[Task brief]
Return, word for word, only the lines of the data below that lie between the line with "Spisskyddsplatta unik Maskrosor och dagg" and the line with "Close-up of a", those two lines included.

[Extracted information]
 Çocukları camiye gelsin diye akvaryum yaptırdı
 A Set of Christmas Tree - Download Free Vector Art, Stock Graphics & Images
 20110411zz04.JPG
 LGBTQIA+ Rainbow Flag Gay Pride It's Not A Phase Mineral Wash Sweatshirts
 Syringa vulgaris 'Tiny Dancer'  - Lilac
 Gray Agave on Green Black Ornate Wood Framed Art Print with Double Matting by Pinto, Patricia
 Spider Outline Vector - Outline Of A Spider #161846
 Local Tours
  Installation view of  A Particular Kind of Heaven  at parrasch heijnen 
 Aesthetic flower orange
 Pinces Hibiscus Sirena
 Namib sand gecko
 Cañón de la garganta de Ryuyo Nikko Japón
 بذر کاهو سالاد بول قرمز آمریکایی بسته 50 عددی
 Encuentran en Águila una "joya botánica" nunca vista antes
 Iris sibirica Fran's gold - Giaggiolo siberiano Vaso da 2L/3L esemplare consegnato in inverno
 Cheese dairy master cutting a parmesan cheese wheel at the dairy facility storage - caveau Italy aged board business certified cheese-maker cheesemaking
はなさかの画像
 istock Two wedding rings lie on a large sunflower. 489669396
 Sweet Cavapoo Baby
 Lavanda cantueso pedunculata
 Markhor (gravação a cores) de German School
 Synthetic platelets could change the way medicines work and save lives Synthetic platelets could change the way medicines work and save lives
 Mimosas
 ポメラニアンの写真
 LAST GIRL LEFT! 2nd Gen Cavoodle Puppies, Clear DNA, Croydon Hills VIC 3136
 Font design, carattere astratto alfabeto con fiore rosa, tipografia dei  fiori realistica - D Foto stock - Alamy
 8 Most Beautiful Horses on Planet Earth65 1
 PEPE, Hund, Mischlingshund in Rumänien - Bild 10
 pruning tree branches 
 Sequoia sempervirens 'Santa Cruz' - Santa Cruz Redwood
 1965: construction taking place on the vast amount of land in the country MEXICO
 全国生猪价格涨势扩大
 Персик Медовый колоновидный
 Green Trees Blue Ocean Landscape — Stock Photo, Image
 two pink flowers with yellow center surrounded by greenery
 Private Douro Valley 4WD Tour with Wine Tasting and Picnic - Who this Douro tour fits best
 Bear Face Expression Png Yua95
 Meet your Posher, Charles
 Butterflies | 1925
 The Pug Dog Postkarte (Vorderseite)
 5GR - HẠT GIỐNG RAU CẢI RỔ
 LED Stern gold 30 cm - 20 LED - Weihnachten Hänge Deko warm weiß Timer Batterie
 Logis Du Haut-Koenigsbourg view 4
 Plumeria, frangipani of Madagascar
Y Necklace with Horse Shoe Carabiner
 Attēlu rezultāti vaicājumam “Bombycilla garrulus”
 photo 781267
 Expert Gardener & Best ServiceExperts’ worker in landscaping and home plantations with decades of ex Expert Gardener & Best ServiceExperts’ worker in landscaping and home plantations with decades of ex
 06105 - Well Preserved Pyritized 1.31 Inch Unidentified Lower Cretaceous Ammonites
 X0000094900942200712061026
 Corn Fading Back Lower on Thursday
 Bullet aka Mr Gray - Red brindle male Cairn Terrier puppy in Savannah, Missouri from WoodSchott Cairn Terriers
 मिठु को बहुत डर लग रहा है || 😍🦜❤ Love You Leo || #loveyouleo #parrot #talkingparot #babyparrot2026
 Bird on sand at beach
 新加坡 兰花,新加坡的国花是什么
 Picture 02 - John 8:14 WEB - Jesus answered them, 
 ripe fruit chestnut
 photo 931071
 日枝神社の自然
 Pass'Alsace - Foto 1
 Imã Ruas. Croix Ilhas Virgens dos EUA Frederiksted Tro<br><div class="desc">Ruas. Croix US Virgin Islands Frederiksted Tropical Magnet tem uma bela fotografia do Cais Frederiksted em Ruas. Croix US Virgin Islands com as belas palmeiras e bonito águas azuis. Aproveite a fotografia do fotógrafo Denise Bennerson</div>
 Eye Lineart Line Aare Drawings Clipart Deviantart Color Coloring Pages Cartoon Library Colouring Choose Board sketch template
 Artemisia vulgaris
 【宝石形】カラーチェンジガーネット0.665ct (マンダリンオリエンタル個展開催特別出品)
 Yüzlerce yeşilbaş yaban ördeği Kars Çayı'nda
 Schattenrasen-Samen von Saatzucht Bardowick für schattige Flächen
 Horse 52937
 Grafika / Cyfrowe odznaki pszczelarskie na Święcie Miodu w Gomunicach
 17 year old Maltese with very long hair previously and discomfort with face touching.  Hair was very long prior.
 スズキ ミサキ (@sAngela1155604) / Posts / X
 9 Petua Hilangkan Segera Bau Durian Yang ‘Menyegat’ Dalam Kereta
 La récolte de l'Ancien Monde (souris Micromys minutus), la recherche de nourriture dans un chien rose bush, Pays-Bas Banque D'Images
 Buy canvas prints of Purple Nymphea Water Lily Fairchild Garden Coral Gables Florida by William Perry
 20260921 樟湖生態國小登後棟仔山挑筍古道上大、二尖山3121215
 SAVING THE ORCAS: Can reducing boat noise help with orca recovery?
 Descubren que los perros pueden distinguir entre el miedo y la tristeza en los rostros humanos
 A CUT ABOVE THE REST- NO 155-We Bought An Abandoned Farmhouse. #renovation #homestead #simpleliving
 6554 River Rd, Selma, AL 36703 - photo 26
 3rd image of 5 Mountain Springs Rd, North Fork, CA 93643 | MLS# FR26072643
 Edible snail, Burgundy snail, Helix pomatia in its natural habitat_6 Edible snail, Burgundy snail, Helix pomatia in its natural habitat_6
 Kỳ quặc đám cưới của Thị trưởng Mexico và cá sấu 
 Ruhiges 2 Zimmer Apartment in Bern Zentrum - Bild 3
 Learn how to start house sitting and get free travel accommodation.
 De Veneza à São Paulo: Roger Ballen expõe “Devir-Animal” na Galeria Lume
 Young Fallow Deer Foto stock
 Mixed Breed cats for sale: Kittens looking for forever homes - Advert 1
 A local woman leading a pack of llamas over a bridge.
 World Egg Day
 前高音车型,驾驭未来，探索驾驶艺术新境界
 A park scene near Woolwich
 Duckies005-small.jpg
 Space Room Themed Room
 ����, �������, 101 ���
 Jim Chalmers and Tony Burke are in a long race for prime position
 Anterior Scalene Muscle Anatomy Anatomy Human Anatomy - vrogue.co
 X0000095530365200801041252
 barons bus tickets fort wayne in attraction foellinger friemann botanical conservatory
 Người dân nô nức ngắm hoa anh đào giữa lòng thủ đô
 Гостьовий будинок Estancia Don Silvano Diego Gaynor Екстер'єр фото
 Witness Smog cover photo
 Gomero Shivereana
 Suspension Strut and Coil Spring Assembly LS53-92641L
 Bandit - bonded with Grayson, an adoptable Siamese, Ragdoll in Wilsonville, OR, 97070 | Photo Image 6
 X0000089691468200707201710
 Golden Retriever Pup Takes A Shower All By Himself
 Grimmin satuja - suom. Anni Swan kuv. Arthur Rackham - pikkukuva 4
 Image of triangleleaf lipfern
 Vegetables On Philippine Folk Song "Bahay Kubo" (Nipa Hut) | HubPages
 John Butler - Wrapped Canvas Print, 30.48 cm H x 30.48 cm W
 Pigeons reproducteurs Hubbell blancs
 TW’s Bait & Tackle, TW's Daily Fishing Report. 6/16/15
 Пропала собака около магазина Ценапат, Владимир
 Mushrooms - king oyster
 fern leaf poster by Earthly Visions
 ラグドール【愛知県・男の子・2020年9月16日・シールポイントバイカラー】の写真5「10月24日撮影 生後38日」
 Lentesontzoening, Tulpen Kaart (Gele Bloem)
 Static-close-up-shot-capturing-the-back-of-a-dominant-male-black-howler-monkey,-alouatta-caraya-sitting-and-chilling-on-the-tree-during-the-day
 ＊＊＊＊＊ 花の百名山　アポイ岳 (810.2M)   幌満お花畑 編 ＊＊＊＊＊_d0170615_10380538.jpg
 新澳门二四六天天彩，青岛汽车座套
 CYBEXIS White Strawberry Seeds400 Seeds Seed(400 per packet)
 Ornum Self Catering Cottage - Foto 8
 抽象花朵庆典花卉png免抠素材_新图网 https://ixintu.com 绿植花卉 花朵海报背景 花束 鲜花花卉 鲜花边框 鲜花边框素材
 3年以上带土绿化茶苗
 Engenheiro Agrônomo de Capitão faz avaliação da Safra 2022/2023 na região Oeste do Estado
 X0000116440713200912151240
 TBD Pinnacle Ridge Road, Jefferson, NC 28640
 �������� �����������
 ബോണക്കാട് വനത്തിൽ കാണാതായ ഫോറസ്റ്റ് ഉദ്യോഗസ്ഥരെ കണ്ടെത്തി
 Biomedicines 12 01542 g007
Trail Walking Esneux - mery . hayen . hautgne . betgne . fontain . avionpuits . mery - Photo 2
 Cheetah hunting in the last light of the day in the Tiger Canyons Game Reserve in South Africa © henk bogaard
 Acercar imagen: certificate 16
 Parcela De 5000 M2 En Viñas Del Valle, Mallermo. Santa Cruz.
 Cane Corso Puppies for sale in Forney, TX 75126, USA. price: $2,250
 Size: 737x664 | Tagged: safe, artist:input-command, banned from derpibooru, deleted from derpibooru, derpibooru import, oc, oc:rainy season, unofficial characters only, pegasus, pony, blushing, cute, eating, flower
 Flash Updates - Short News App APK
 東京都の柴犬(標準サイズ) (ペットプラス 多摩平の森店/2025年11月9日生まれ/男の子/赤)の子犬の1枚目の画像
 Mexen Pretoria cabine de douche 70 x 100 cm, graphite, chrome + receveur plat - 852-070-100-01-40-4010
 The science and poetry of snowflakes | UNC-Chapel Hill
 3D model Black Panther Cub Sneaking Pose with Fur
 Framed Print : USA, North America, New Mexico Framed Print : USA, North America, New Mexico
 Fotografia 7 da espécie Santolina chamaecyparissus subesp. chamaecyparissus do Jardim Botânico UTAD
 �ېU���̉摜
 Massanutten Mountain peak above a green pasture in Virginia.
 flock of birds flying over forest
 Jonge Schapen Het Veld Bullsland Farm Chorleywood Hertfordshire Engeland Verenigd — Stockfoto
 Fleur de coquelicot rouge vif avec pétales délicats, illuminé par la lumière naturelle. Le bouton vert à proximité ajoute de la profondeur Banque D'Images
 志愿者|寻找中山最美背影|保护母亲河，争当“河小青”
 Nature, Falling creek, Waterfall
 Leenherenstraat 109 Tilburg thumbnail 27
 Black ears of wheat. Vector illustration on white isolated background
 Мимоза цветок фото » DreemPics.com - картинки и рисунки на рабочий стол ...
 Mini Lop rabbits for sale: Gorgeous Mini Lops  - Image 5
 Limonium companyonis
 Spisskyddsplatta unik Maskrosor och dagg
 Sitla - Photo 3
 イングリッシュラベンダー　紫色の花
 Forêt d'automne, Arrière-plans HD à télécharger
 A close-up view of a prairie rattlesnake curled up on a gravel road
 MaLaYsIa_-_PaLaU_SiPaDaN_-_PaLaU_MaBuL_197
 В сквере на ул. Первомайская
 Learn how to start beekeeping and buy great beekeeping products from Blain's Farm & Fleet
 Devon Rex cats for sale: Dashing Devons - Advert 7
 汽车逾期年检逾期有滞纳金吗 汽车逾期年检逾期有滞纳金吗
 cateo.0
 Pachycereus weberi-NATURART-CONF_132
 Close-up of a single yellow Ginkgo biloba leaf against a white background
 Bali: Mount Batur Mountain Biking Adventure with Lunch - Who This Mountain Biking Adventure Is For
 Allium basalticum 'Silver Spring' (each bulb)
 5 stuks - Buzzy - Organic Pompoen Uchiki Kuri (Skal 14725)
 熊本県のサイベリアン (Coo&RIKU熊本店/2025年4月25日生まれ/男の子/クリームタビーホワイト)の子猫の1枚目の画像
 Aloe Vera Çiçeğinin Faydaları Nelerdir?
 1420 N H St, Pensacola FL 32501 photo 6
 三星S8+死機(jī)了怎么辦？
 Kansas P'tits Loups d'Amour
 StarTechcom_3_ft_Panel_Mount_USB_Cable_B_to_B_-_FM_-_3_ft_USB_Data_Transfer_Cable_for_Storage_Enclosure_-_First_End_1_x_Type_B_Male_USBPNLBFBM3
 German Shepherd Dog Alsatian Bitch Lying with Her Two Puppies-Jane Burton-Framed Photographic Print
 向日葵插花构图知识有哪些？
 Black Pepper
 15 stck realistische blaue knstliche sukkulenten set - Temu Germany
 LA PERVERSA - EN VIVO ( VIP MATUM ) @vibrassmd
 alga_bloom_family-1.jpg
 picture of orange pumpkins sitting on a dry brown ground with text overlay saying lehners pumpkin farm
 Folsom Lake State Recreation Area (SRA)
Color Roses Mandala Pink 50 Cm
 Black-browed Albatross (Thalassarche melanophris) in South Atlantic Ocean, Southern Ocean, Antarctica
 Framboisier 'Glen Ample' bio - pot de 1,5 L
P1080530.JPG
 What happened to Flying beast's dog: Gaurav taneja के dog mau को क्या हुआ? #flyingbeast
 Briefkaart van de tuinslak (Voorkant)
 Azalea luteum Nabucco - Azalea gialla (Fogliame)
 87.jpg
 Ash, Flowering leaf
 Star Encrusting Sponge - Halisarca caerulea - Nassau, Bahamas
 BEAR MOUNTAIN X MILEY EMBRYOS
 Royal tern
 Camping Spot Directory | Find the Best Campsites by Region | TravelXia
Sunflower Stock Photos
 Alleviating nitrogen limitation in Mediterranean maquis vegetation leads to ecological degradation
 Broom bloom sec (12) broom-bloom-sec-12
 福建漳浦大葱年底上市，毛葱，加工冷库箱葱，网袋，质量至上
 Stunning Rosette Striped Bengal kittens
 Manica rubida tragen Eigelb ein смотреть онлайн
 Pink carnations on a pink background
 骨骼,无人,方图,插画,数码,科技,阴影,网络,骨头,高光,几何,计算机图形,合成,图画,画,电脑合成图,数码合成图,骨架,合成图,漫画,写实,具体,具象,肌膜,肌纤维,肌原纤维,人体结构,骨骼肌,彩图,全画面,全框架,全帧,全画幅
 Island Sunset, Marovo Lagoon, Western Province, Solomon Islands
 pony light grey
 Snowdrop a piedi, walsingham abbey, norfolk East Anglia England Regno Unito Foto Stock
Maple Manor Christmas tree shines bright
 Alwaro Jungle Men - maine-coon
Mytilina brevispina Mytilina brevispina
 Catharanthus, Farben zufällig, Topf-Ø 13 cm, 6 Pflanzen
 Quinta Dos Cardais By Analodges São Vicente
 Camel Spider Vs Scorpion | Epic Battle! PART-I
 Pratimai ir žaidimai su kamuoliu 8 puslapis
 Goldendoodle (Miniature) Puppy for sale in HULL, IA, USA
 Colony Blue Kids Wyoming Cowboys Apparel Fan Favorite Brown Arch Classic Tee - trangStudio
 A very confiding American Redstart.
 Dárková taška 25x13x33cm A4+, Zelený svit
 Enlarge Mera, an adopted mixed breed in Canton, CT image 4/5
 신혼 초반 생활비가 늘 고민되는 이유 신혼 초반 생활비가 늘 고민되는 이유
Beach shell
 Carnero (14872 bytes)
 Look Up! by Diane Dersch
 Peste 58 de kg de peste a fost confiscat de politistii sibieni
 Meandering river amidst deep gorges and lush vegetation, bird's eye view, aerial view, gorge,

[The completed task]
 Spisskyddsplatta unik Maskrosor och dagg
 Sitla - Photo 3
 イングリッシュラベンダー　紫色の花
 Forêt d'automne, Arrière-plans HD à télécharger
 A close-up view of a prairie rattlesnake curled up on a gravel road
 MaLaYsIa_-_PaLaU_SiPaDaN_-_PaLaU_MaBuL_197
 В сквере на ул. Первомайская
 Learn how to start beekeeping and buy great beekeeping products from Blain's Farm & Fleet
 Devon Rex cats for sale: Dashing Devons - Advert 7
 汽车逾期年检逾期有滞纳金吗 汽车逾期年检逾期有滞纳金吗
 cateo.0
 Pachycereus weberi-NATURART-CONF_132
 Close-up of a single yellow Ginkgo biloba leaf against a white background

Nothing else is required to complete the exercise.